It took them until their 81st game, against the defending Stanley Cup champion Los Angeles Kings, no less, but the Calgary Flames have officially made the playoffs. There are a number of reasons for it – Jack Adams-calibre coaching by Bob Hartley, a care-free attitude that is the product of having little outside pressure, so on and so on – but there are four main reasons the Flames will be playing hockey rather than golf next week (note: all stats as of April 10):
The legend of Johnny Gaudreau has obviously been well-documented throughout the season – with good reason – but there were two other rookies who also stepped up: Josh Jooris and Markus Granlund. Jooris, who impressed team brass in the pre-season, was called up early in the season and didn’t disappoint as he put up 24 points in 59 games. Granlund, meanwhile, appeared in only 47 games, but still registered 18 points in that time.
But, of course, it’s impossible to discuss Calgary’s rookies without mentioning the kid they call Johnny Hockey – who stole the show not just on the team, but around the league. Gaudreau, even by his own admission, had an unexpectedly good season, in which he put up 64 points in 80 games. His success no doubt has a lot to do with the fact he was on a line with Jiri Hudler (who sits one spot above him in the team’s scoring lead) and Sean Monahan (who sits one spot below).

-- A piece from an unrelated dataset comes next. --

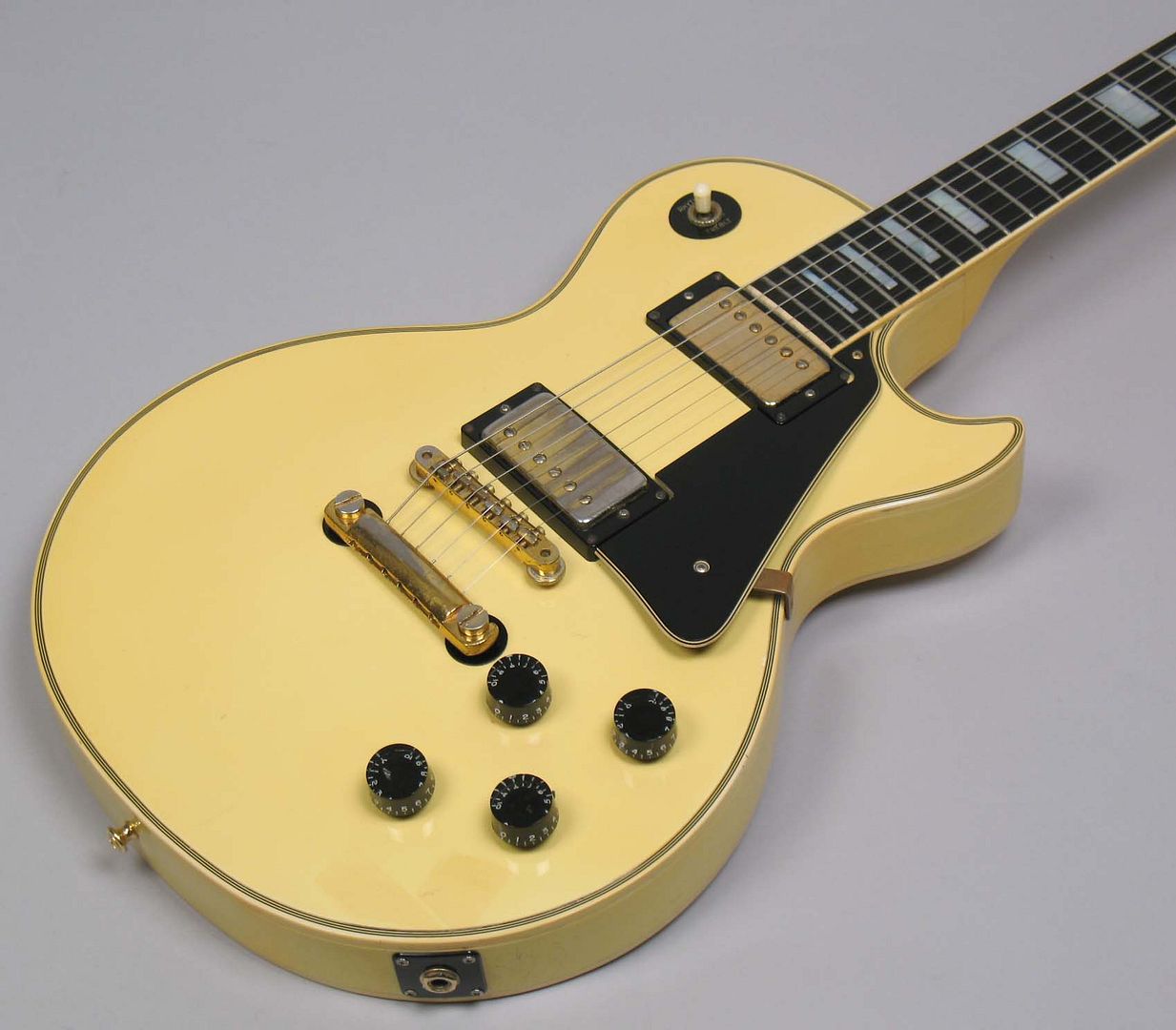  photo 1974GibsonLesPaulCustomAlpineWhiteFactGrover069.jpg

Speaking of team scoring, the Flames scored 236 goals, which put them fifth in the league. That had a lot to with the balanced attack Calgary threw at the opposition every night, from the forwards right down to the defenceman. As mentioned, the Hudler-Monahan-Gaudreau line was by far the leader among forwards, but Lance Bouma, David Jones, Joe Colborne and Mikael Backlund each provided good secondary scoring. Overall, the Flames had nine players with at least 30 points.
That number was helped by the production from the league’s top scoring group of blueliners. Only the Nashville Predators came close to the 195 points registered by Flames defencemen, falling short by just three points. What’s more: Dennis Wideman, Mark Giordano, TJ Brodie and Kris Russell finished 4th to 7th respectively in team scoring. If Giordano hadn’t been injured, he could have been a legitimate contender for the league lead in points by a defenceman.
His success has already been indirectly referenced above, but there’s something to be said of Sean Monahan’s second season in Calgary. After a decent rookie season – one in which a 19-year-old Monahan, who unexpectedly made the team out of training camp, put up 34 points in 72 games – the question was whether or not he would be affected by a rookie hangover. Monahan answered in 2014-15 with an emphatic no. He nearly doubled his production from last season, recording 62 points, and his 31 goals were tied with Hudler for tops on the team. That he was held scoreless only three times following Giordano’s injury only magnified his already significant contributions to the team. He was by no means the only reason for the team’s success, but his efforts definitely went a long way in getting the team to the playoffs.
“It’s not how you start, but how you finish” so the saying goes. Well, apparently the Flames enjoyed finishing their games by sending their fans into cardiac arrest. Comebacks were something of a regular occurrence for the Flames, who had four third-period comeback victories – 10 if you include games they tied in the third and won in overtime or shootout. In all, the Flames had 13 (!) wins that came in overtime or the shootout, of the 20 games they played that went past regulation (not all of them come-from-behind, but very impressive nonetheless). Since mid-February, though, the Flames have found themselves employing a different strategy: winning games after surrendering leads as opposed to clawing their way back late.